3. Opsera Obligations.
• Service. Opsera will provide the Service in conformance with this Agreement, the Order Form(s) and applicable Documentation. Opsera will be responsible for hosting the Service as necessary for the subscription to the Service specified in the Order Form.
• Support. Unless stated otherwise in the applicable Order Form, if Customer experiences any errors, bugs, or other issues in its use of the Service, Opsera will use commercially reasonable efforts to respond as soon as possible (“Support”) in order to resolve the issue or provide a suitable workaround. The fee for Standard Support is included in the cost of the subscription set forth on the Order Form.
• Service Changes. Customer acknowledges that the Service is an on-line, subscription-based service, and that in order to provide improved experience, Opsera may make changes to the Service provided Opsera will not materially decrease the overall functionality of the Service.
4. Customer Obligations.
• Internet Connections. Customer will be responsible for obtaining Internet connections necessary for Customer to access the Opsera Assets.
• Export. The Opsera Assets are subject to export control laws and regulations. Customer may not access or use the Opsera Assets or any underlying information or technology except in full compliance with all applicable United States export control laws. Neither the Opsera Assets nor any underlying information or technology may be accessed or used: (i) by any individual or entity in any country to which the United States has embargoed goods; or (ii) by anyone on the U.S. Treasury Department’s list of specially designated nationals or the U.S. Commerce Department’s list of prohibited countries or debarred or denied persons or entities.
5. Data License & Protections.
• Data License. In connection with its use of the Service, Customer (including its Authorized Users) may transfer Customer Data to Opsera. Opsera uses Customer Data to provide the Service and to create and develop Usage Data. Customer grants Opsera a limited license during each Subscription Period to use Customer Data as provided for in this Section 5(a) and in accordance with this Agreement and the DPA.
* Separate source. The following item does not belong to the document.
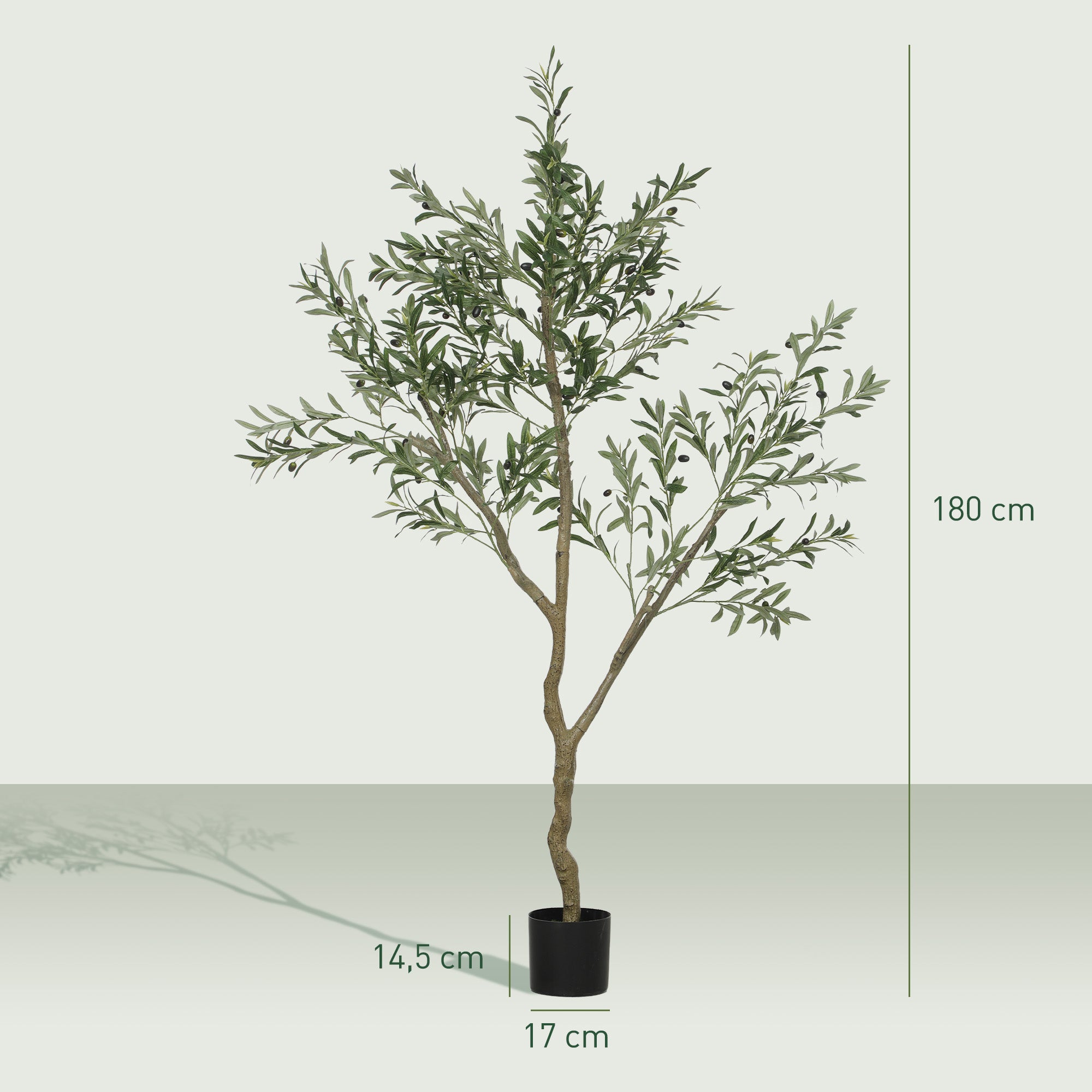 Large Artificial Olive Tree 180 cm Artificial Plant Artificial Plants Olive Tree in Pot, Artificial Tree like real with artificial grass, artificial moss for living room office bedroom garden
• Usage Data. While Customer uses the Service, Opsera will generate Usage Data. Opsera will use Usage Data to improve and develop the Service.
• DPA. Opsera will process all Customer Data for the purposes set forth in this Agreement and in accordance with the DPA.
6. Fees
• Fees. Customer will pay all fees set forth in the applicable Order Form. Unless otherwise provided for in an Order Form: (i) all amounts are due and payable to Opsera within thirty (30) days from the date of the Order Form; and (ii) all payments are non-cancellable and non-refundable.
• Taxes. Customer will pay all applicable Taxes excluding only those based on Opsera’s net income. If Customer is compelled to make a deduction or set-off for any such Taxes, Customer will pay Opsera such additional amounts as necessary to ensure receipt by Opsera of the full amount Opsera would have received but for the deduction. Any applicable direct pay permits or valid Tax-exempt certificates must be provided to Opsera prior to the execution of this Agreement. If Opsera is required to collect and remit Taxes on Customer’s behalf, Opsera will invoice Customer for such Taxes, and Customer will pay Opsera for such Taxes in accordance with Section 6(a).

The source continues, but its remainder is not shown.